Afin de bénéficier au maximum du mode de facturation à la consommation du cloud public, il est nécessaire de moderniser les applications afin de tirer le meilleur parti des ressources et des technologies offertes par les fournisseurs de cloud public.

Dans ce contexte, Fujitsu est idéalement positionné. En effet, Fujitsu est un des rares acteurs du marché – si pas le seul – à posséder des compétences en infrastructure, transformation d’applications et en sécurité. Fujitsu peut donc accompagner ses clients de bout en bout.

 

Finalement, quels conseils donneriez-vous à une entreprise qui souhaiterait se lancer dans le cloud?

Cela peut paraitre trivial, mais il est important de ne pas voir trop grand d’emblée. Il est conseillé de démarrer avec un environnement restreint (une seule application) sous forme de pilote pour éprouver le concept. Ensuite, procéder de manière itérative (méthode agile) pour monter en puissance de façon progressive et contrôlée.

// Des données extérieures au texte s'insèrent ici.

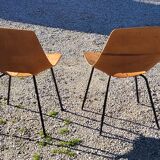 Pair of tonneau chairs by Pierre Guariche plywood base tubes 1954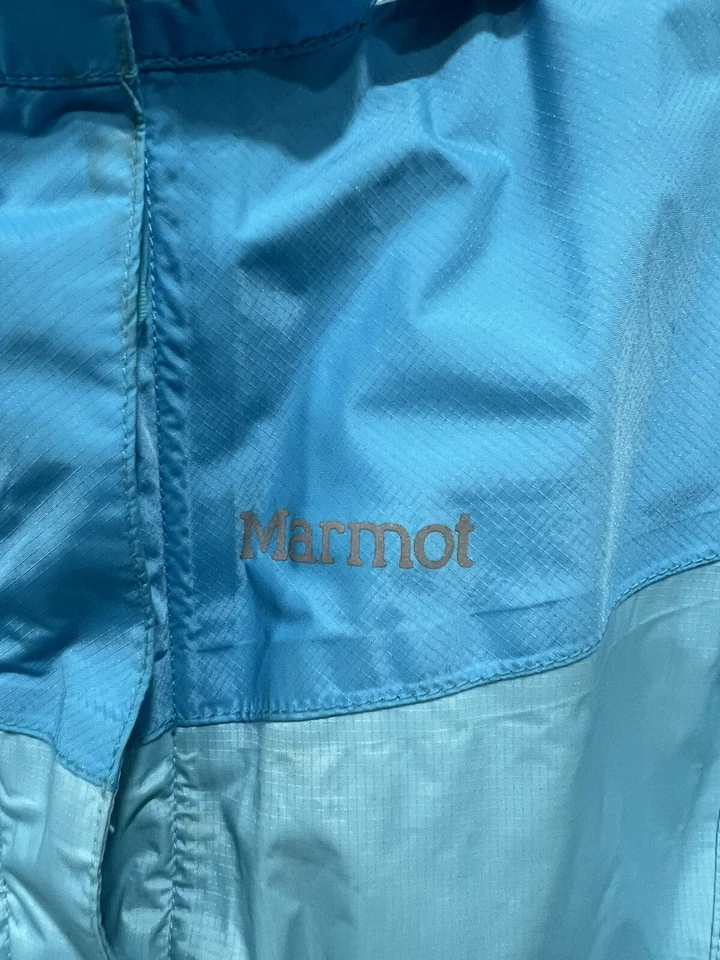 Chaqueta cortavientos de lluvia Marmot para niñas talla grande verde azulado turquesa nailon con capucha Foto 2 de 4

Cependant, il ne faut pas non plus se lancer dans une migration de grande ampleur sans prendre de recul afin d’analyser les différentes options offertes et prévoir des fondations solides et évolutives.

C’est pourquoi Fujitsu a développé une méthode basée sur les quatre phases suivantes: Inspiration, Co-Creation, Modernisation et Optimisation.

L’Inspiration a pour objectif d’appréhender les concepts relatifs au cloud et de les rendre familiers. Elle permet également de tester les technologies cloud via les environnements «Sandbox» de Fujitsu.

La Co-Creation a pour but d’analyser l’environnement actuel (infrastructure et applications) afin de connaitre les interactions entre les différents composants. Sur base de ces informations, une liste d’applications candidates est déterminée et en dérive une architecture et un plan de migration.

La Modernisation représente la mise en exécution du plan de migration vers une solution Multi-Cloud. C’est lors de cette phase que l’architecture est déployée et configurée avant d’être testée et validée. Finalement, les applications sont «migrées» vers la ou les solutions retenues.

L’Optimisation est une itération en continu ayant pour objectif – comme son nom l’indique – d’optimiser en permanence l’utilisation faite des ressources cloud. Cela peut être une optimisation des coûts, de la performance ou de l’automatisation. Le but étant de s’approcher le plus possible d’un vrai modèle de consommation à la demande.